Straight Travel

日々読む本についての感想です。
特に好きな村上春樹さん、柴田元幸さんの著書についてなど。

「二つの時計の謎」チャッタワーラック著(宇戸清治訳)講談社

2010-02-12 | 外国の作家
「二つの時計の謎」チャッタワーラック著(宇戸清治訳)講談社を読みました。
モンコン男爵の放蕩息子チャクラが、床屋の老人を殴った傷害事件を調べるサマイ警部は、同じ夜に発生した二つの事件に突き当たります。
チャクラの出資する輸入品販売店の共同経営者の縊死。
チャクラの懐中時計を握ったまま運河で発見された娼婦の溺死体。
状況からチャクラの関与が疑われましたが、現場で発見された二つの時計は、同じ時刻、九時五五分を指して止まっていました。三つの事件はどう結びつくのか。
醜聞を恐れる男爵はサマイ警部の父親にまで働きかけ、警察へ圧力をかけます。
さらに中国マフィアの不穏な動きも。
1932年、立憲革命直後のバンコクを舞台に、サマイ警部と相棒ラオーの活躍を描くミステリー小説。島田荘司さん選の「アジア本格リーグ」シリーズの第二巻です。

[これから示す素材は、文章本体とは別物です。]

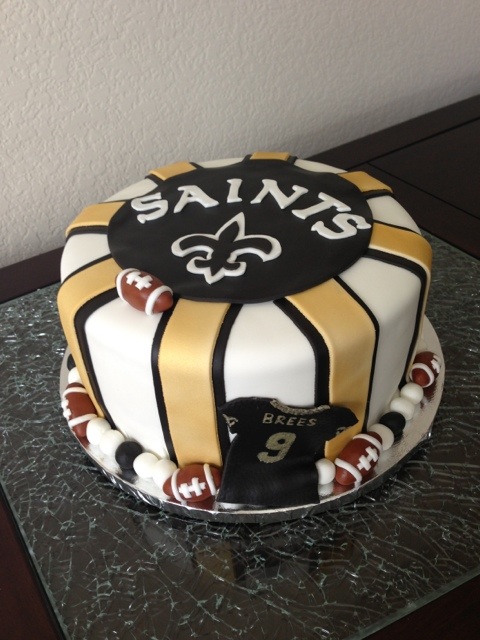 New Orleans Saints Cake New Orleans Saints Cake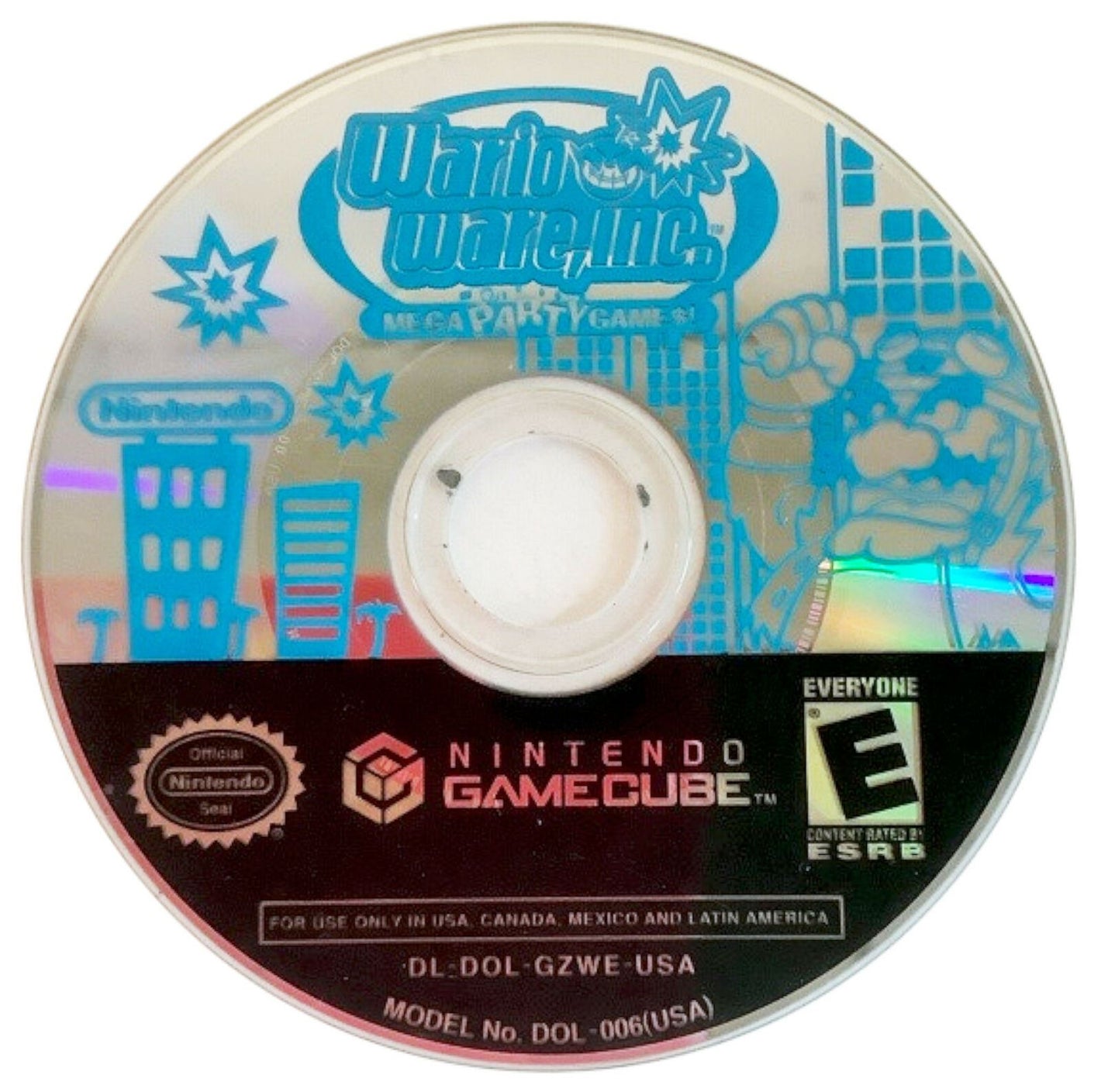 WarioWare Inc Mega Party Games Nintendo GameCube 2004 Video Game DISC ONLY [Used/Refurbished]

今までいろいろな外国文学を読んできて、一番名前が覚えづらいのはロシア文学だなーと思っていたのですが、タイ文学がそれをうわまわるとは!
バンチョン・ケーヌパン警察少尉、モンコンシンパイサーン男爵・・・本書ではわかりやすく縮めて表記してありますが、原文に忠実に訳してあったらきっと途中で挫折していたことでしょう。
少し難点をいえば、直接のストーリーの流れには不要な注釈が多い気がしたのと、「今日はドロンは勘弁してくれ」「人力車(←これはトゥクトゥクのことかしら?)」などの訳文が古い感じがしました。(本自体は2007年に書かれ、昨年9月に邦出版されたものです。)

警察官でありながら私服で隠密調査をするサマイとラオーは、ハードボイルドな探偵的。格闘シーンもかっこいいです。
話の流れとしてはごくスタンダードな謎解き小説ですが、それだけではなくタイ人街や中国人街、運河、さまざまなタイ料理、とオリエンタルな雰囲気をたっぷりと味わえる本です。